───── Available data ─────
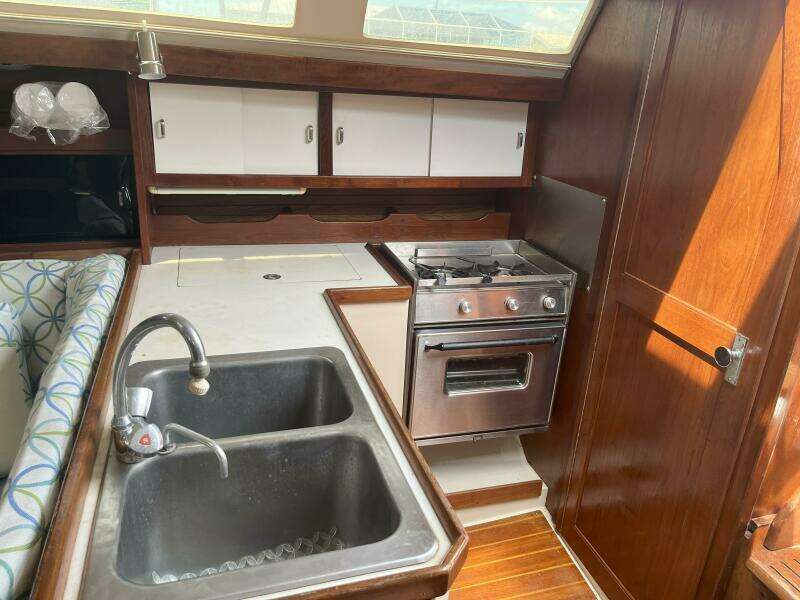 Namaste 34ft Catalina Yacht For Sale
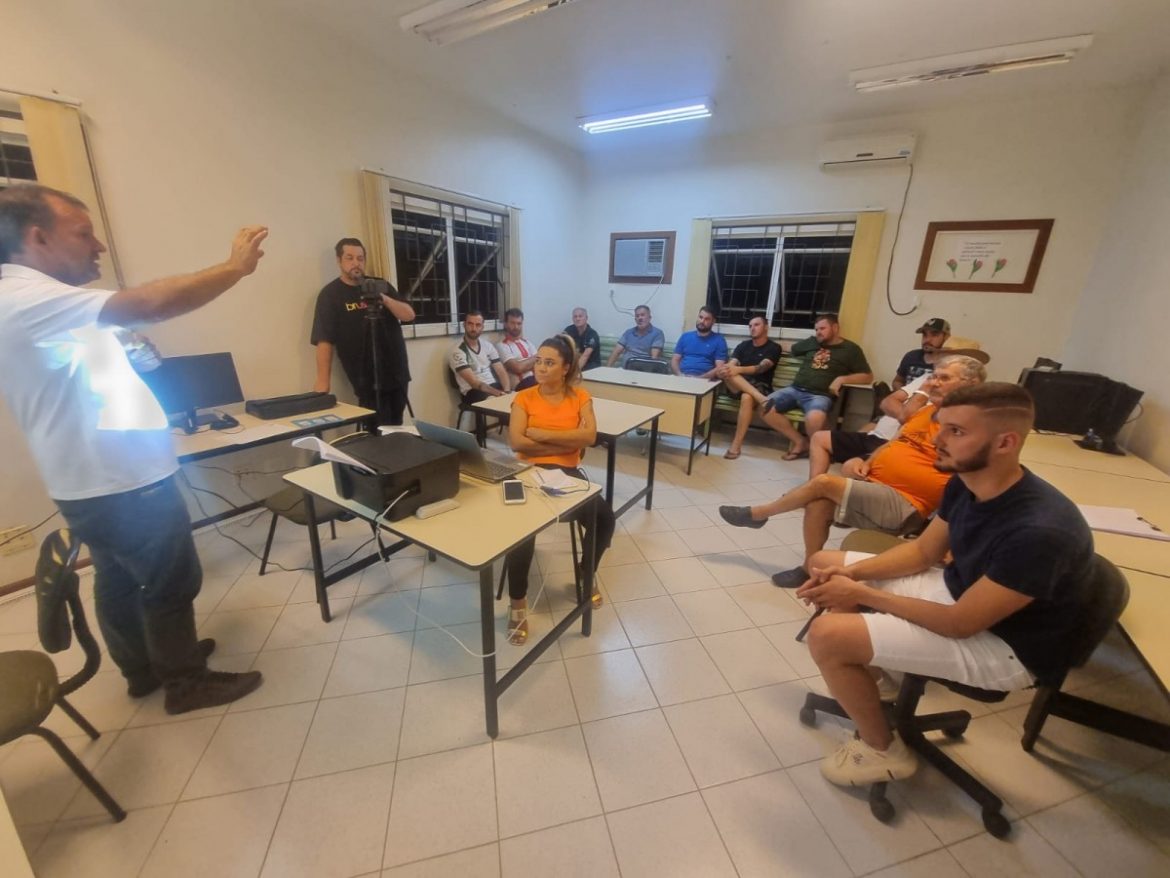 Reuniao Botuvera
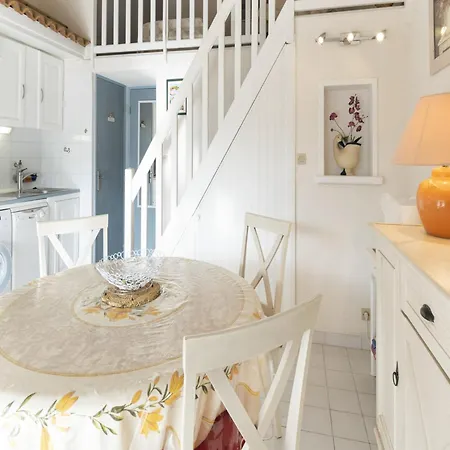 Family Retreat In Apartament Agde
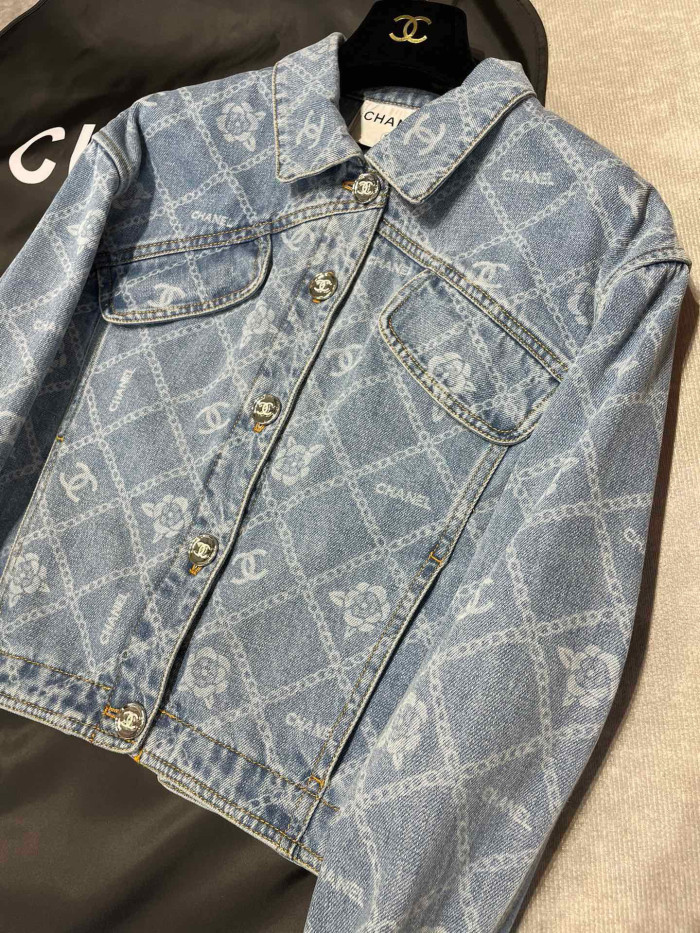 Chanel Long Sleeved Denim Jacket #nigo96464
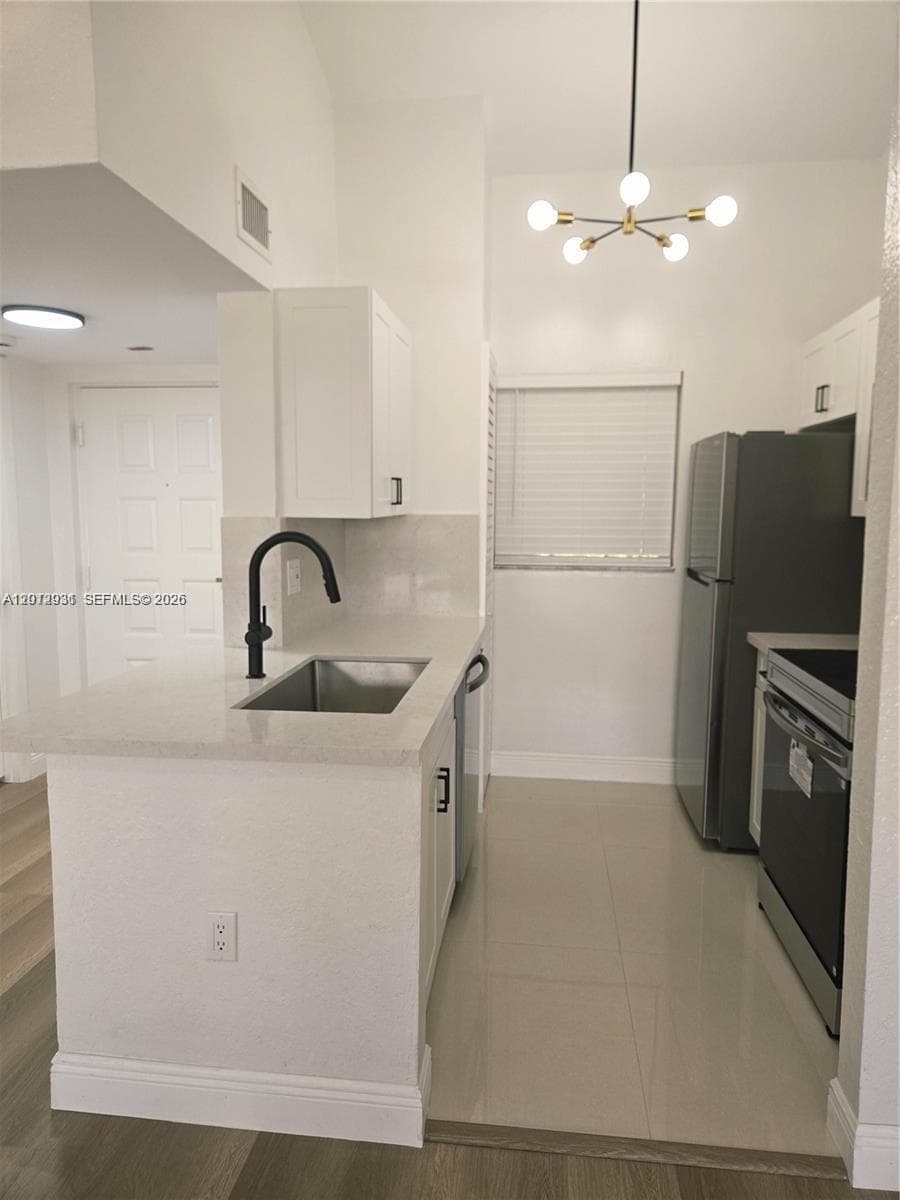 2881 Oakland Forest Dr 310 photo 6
─────
───── Available data ─────
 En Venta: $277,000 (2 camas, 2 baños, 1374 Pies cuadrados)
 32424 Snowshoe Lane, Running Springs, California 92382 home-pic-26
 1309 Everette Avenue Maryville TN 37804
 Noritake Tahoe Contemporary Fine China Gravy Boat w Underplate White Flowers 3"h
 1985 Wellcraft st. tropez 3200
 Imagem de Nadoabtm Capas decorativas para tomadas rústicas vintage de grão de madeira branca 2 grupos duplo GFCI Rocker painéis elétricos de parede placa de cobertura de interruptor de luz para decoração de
─────
# [Problem description]
From the records above, copy only the lines starting with the line that holds "1309 Everette Avenue Maryville TN 37804" and going on through the line that holds "Imagem de Nadoabtm", exactly as written.

# [Result below]
 1309 Everette Avenue Maryville TN 37804
 Noritake Tahoe Contemporary Fine China Gravy Boat w Underplate White Flowers 3"h
 1985 Wellcraft st. tropez 3200
 Imagem de Nadoabtm Capas decorativas para tomadas rústicas vintage de grão de madeira branca 2 grupos duplo GFCI Rocker painéis elétricos de parede placa de cobertura de interruptor de luz para decoração de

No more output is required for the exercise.